In the most gripping (and frequently gruelling) issue-based play since Joe Penhall’s Blue/Orange, Roy Williams digs forensically beneath the scene of a young black man’s murder in Fallout to uncover both how and why he died.

Constructed as a detective story in which two policemen (like the two psychiatrists of Blue/Orange) are at loggerheads over their different views on how to solve the case, the play provides a searing and bleak account of the sexual and social rivalries that lead to murder amongst a group of London street kids.

Like Kwame Kwei-Armah recently did in his National Theatre play Elmina’s Kitchen, Williams has turned a critical eye on his own community for a play that not only comes from the heart but also goes to the heart of how violence both underpins and undermines it.
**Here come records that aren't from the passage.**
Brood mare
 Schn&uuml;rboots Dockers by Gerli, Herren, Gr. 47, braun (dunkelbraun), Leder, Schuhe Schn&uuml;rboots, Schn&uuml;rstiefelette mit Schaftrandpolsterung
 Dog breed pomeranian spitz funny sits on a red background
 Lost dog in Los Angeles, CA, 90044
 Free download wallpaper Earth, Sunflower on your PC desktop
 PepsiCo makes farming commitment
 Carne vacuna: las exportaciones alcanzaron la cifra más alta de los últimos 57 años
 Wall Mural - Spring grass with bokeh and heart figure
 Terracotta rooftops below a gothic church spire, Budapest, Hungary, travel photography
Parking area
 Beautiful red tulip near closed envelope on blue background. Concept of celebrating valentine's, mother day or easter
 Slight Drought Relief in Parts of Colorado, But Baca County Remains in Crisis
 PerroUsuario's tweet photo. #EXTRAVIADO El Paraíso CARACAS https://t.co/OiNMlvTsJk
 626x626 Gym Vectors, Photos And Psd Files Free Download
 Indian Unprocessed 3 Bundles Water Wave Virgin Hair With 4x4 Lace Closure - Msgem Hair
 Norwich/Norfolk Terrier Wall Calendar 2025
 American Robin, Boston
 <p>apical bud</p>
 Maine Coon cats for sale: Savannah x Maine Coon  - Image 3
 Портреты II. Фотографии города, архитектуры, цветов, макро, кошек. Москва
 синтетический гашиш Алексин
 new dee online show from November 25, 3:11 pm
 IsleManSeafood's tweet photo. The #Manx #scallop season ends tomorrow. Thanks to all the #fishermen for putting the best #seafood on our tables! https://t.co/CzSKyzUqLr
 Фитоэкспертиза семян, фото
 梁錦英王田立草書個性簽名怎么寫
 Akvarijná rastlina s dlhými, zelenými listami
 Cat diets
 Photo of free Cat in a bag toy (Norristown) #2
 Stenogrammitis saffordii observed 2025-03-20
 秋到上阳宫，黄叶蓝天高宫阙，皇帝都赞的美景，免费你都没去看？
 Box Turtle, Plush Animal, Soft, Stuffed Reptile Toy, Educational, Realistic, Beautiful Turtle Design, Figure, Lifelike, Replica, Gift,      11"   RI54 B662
He also springs some dark and compelling surprises along the way: it’s the black PC (a riveting Lennie James) who is both more suspicious and disillusioned of these kids than the white PC (Daniel Ryan), who has a far more compassionate approach.

In a series of taut, tight scenes that move from the café where the group hangs out to the streets and police interview room, Ian Rickson‘s production has a propulsive intensity that is utterly compelling and sometimes chilling. Staged in a completely reconfigured Royal Court in Ultz‘s design, with the audience on four sides of a platform that has been built out over the stalls, the action is brought up close and personal so that it is as unsettling as it is disorientating.

Written in a muscular urban vernacular, it’s also spectacularly well acted by an ensemble cast who so utterly inhabit their roles that they seem to come from the streets rather than acting schools. As the rivalries erupt again between Emile (by turns aggressive and defensive in Marcel McCalla‘s amazing performance) and Dwayne (Michael Obiora) over the affections of Shanice (Ony Uhiara), you are on the edge of your seat as to how it will play out.